Il summit ha già lasciato cadere ogni attenzione sulle crisi ambientali globali come il cambiamento climatico e la deforestazione, ma alcuni restano ottimisti che ciò comporterà una maggiore protezione marina e più forza per l’UNEP. Gli osservatori affermano anche che, mentre i governi sono in stallo, migliaia di ONG, imprese ed esperti partecipanti potrebbero aiutare il mondo a progredire. Molti dei principali leader mondiali hanno rinunciato a partecipare al summit, tra cui il Presidente USA Barack Obama, il Primo Ministro britannico David Cameron e la Cancelliera tedesca Angela Merkel.

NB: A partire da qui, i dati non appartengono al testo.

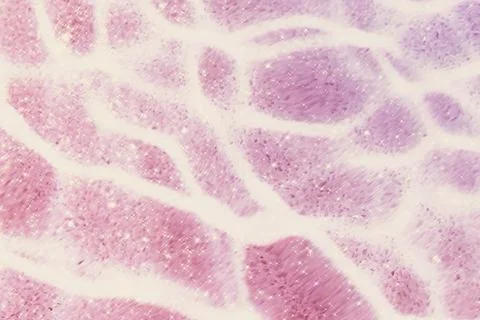 Pink aesthetic glittery pattern background Foto stock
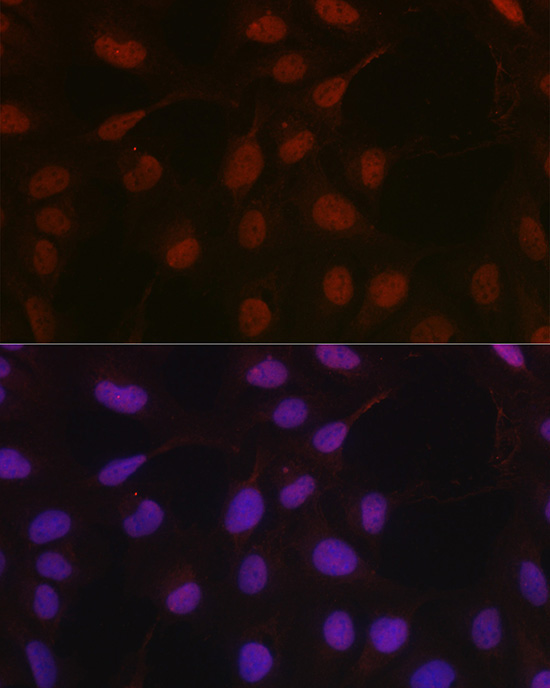 HIF1Beta/ARNT Rabbit Polyclonal Antibody - Image 3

Le soluzioni per l’attuale crisi ambientale mondiale non sono misteriose. Scienziati ed esperti raccomandano una rapida transizione dai combustibili fossili alle energie rinnovabili, il porre fine a sussidi dannosi, la conservazione della biodiversità globale, la protezione delle foreste ancora in piedi, una riorganizzazione della pesca e della gestione degli oceani, un incremento dell’efficienza e dell’accesso energetico, la trasformazione dei sistemi agricoli, il cambiamento dei criteri di misurazione del successo nazionale focalizzandolo sul benessere più che sul PIL e la lotta contro la sovrappopolazione mediante l’educazione e l’accesso ai metodi contraccettivi.
“Ritengo che l’umanità si trovi ad un bivio dove dobbiamo fare una scelta attiva,” afferma il biologo integrativo Anthony Barnosky. “Una strada consiste nel riconoscere questi problemi e le potenziali conseguenze e provare a guidare il futuro (nel modo che vogliamo). L’altra strada consiste nell’alzare le mani e dire ‘Andiamo avanti come sempre e vediamo cosa accade.’ Ipotizzo che, se optiamo per quest’ultima strada, sì, l’umanità sopravvivrà ma assisteremo a degli effetti che comporteranno un serio degrado nella qualità della vita dei nostri figli e nipoti.”